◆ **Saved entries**
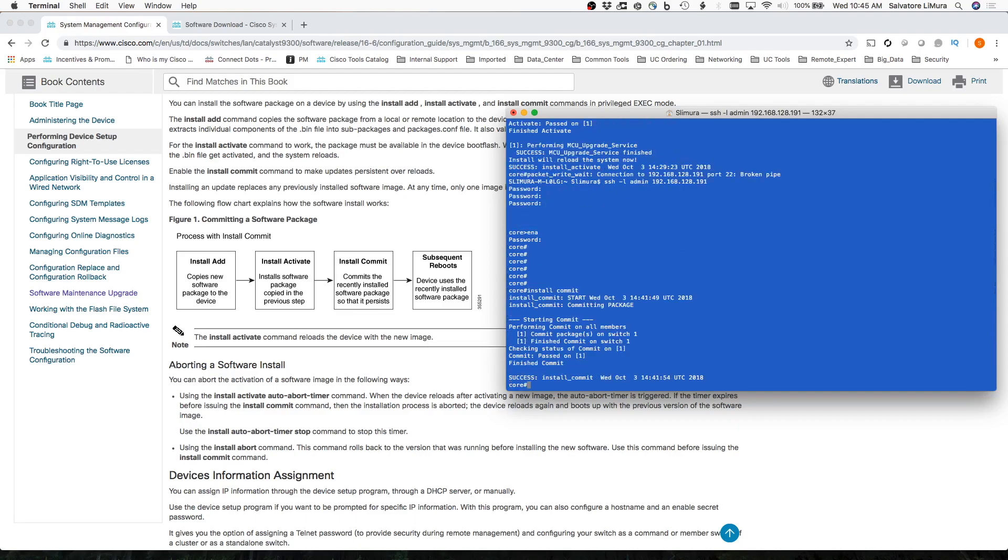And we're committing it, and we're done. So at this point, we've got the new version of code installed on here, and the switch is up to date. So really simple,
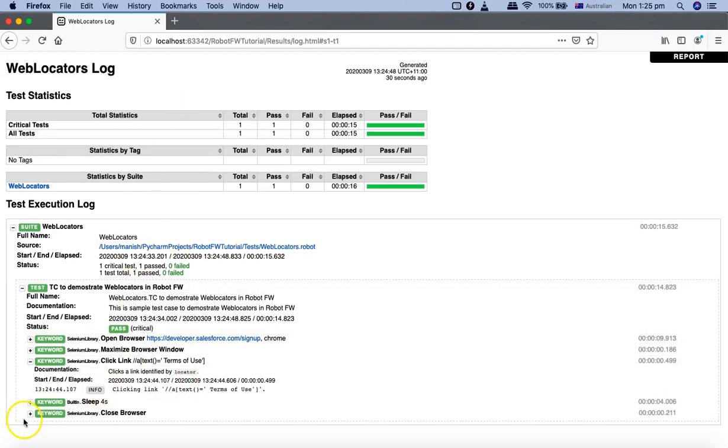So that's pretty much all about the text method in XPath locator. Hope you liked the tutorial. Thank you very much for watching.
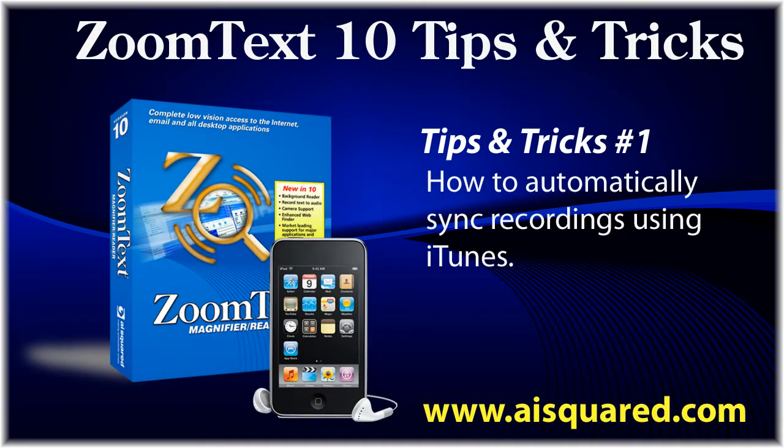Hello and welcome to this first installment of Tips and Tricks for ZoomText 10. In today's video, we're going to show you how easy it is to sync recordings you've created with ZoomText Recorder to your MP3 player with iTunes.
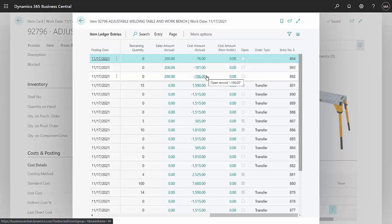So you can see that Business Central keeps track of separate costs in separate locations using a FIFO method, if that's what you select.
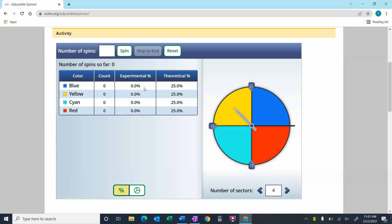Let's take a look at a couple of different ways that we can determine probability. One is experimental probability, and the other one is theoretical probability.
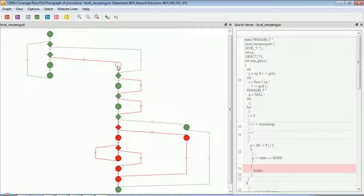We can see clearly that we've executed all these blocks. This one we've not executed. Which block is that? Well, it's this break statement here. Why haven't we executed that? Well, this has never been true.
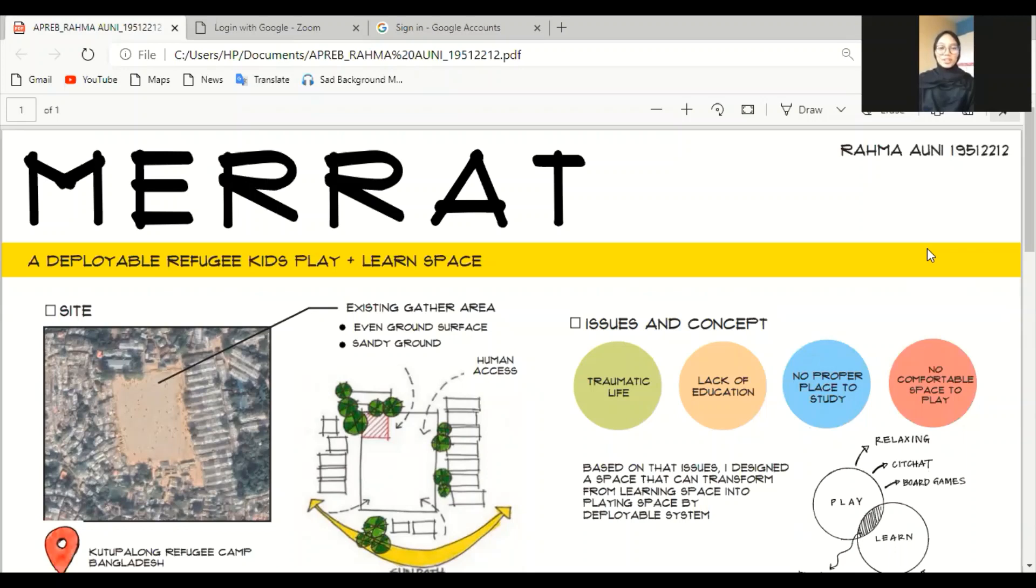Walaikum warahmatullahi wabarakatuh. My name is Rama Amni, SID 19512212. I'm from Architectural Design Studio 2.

◆ **What you have to do**
Print once more, exactly, the lines that start at the top of the records above and end at the line with "So that's pretty", skipping all pictures.

◆ **Result of this task**
And we're committing it, and we're done. So at this point, we've got the new version of code installed on here, and the switch is up to date. So really simple,
So that's pretty much all about the text method in XPath locator. Hope you liked the tutorial. Thank you very much for watching.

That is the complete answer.